# <center>Introduction to ML - Decision Tree Coursework</center>
### <center>COMP70050</center>

### Installing dependencies

Step 1 

In [1]:
import numpy as np

clean_data = x = np.loadtxt("wifi_db/clean_dataset.txt", delimiter='\t')
noisy_data = x = np.loadtxt("wifi_db/noisy_dataset.txt")

X_clean = clean_data[:, :-1]
y_clean = clean_data[:, -1]

X_noisy = noisy_data[:, :-1]
y_noisy = noisy_data[:, -1]

In [2]:
def entropy(labels):
    _, counts = np.unique(labels, return_counts=True)
    prob = counts / np.sum(counts)
    return -np.sum(prob * np.log2(prob))

In [3]:
def find_split(dataset):
        # We split out dataset, x is the array of features and y is the labels
        x = dataset[:, :-1]
        y = dataset[:, -1]

        # n is the number of samples and k is the number of features
        n, k = x.shape

        H_total = entropy(y)
    
        max_gain = 0
        best_attribute = -1
        best_split = None

        for attribute in range(k):
            arr = x[:, attribute]
            uniques = np.unique(arr)

            for split in uniques:
                left_ds = y[arr <= split]
                right_ds = y[arr > split]

                remainder = ((len(left_ds)/len(arr)) * entropy(left_ds)) + ((len(right_ds)/len(arr)) * entropy(right_ds))
                
                if max_gain < H_total - remainder:

                    max_gain = H_total - remainder
                    best_attribute = attribute
                    best_split = split
        
        return best_attribute, best_split

In [4]:
def decision_tree_learning(dataset, depth=0):
    total_instances = len(dataset)
    x = dataset[:, :-1]
    y = dataset[:, -1]
    
    if len(np.unique(y)) == 1:
        return (Node(None, y[0], None, None, total_instances, True), depth)
    else:
        attribute, value = find_split(dataset)
        l_dataset = dataset[dataset[:, attribute] <= value]
        r_dataset = dataset[dataset[:, attribute]  > value]
        l_node, l_depth = decision_tree_learning(l_dataset, depth + 1)
        r_node, r_depth = decision_tree_learning(r_dataset, depth + 1)
        node = Node(attribute, value, l_node, r_node, total_instances, False)
        return (node, max(l_depth, r_depth))

In [5]:
class Node:
    def __init__(self, attribute, value, left, right, n_instances: int, is_leaf: bool):
        self.attribute = attribute
        self.value = value
        self.left = left
        self.right = right
        self.n_instances = n_instances
        self.is_leaf = is_leaf


In [6]:
def predict(node, X):
    if node.is_leaf:
        return np.full(len(X), node.value)
    
    left_indices = X[:, node.attribute] <= node.value
    right_indices = X[:, node.attribute] > node.value
    
    predictions  = np.zeros(len(X))
    predictions[left_indices] = predict(node.left, X[left_indices])
    predictions[right_indices] = predict(node.right, X[right_indices])

    return predictions  

### Step 3 : Evaluation

In [7]:
def confusion_matrix(y_gold, y_prediction, class_labels=None):

    # if no class_labels are given, we obtain the set of unique class labels from
    # the union of the ground truth annotation and the prediction
    if not class_labels:
        class_labels = np.unique(np.concatenate((y_gold, y_prediction)))

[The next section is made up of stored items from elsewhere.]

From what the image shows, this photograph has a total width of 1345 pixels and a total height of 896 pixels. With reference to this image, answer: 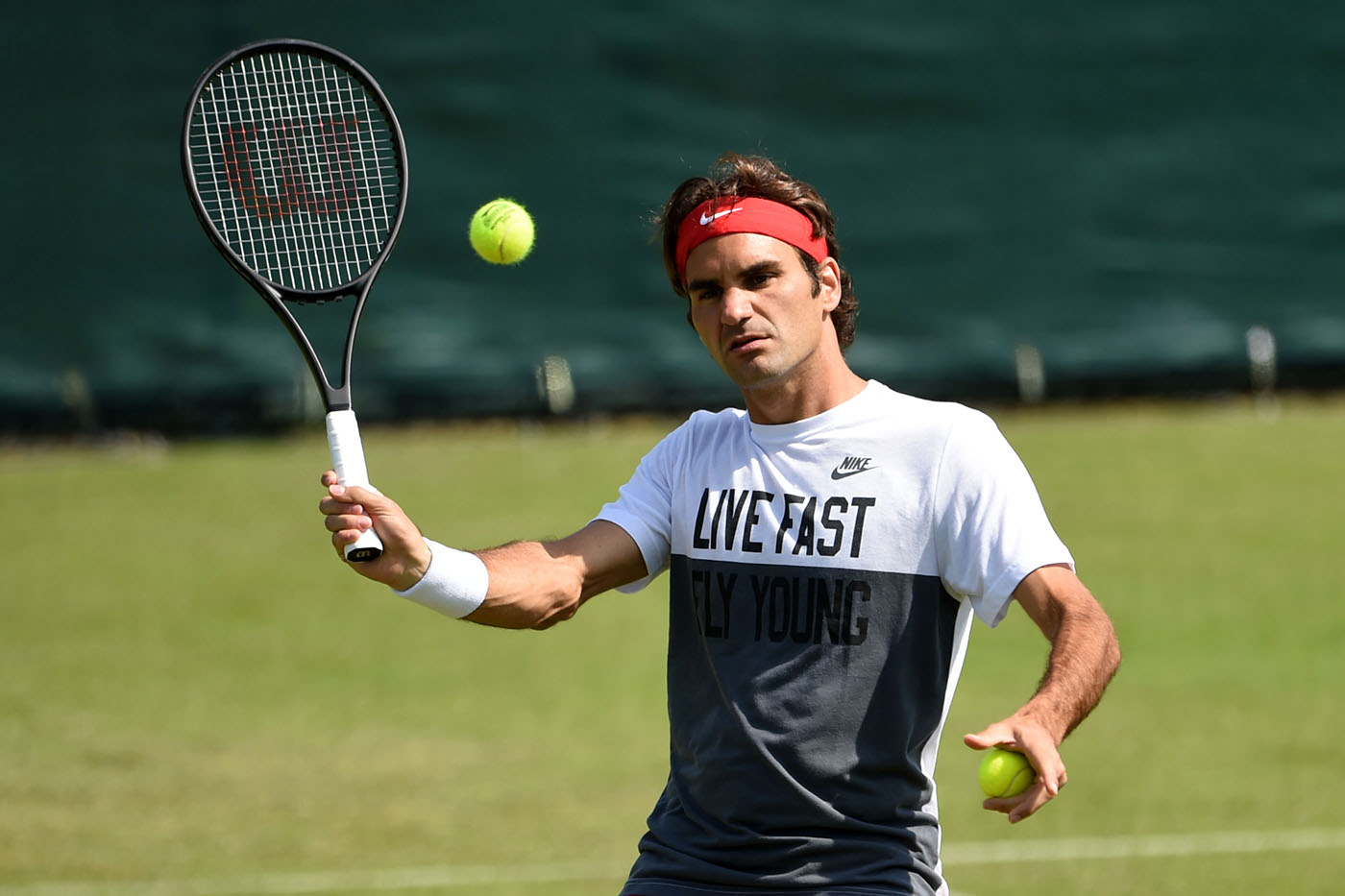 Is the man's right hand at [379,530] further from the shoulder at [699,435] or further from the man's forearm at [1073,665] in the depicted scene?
the man's forearm at [1073,665]

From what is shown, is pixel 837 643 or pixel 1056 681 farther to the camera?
pixel 837 643

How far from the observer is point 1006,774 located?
299 cm

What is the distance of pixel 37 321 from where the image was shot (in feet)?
45.4

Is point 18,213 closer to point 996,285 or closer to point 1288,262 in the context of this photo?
point 996,285

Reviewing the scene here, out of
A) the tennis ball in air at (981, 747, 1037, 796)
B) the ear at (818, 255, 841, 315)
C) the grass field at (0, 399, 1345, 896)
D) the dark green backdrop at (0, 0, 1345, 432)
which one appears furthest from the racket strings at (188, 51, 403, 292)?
the dark green backdrop at (0, 0, 1345, 432)

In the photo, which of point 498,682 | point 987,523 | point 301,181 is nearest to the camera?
point 987,523

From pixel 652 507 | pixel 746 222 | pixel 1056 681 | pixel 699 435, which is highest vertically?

    confusion = np.zeros((len(class_labels), len(class_labels)), dtype=np.int8)

    # for each correct class (row),
    # compute how many instances are predicted for each class (columns)
    for i, correct_class in enumerate(class_labels):
        for j, predicted_class in enumerate(class_labels):
            count = np.count_nonzero(np.logical_and(y_gold == correct_class, y_prediction == predicted_class))
            confusion[i][j] = count

    return confusion

def accuracy(confusion):
    return np.trace(confusion) / np.sum(confusion) if np.sum(confusion) > 0 else 0


def precision(confusion):

    # Compute the precision per class
    p = np.diag(confusion) / np.sum(confusion, axis=1)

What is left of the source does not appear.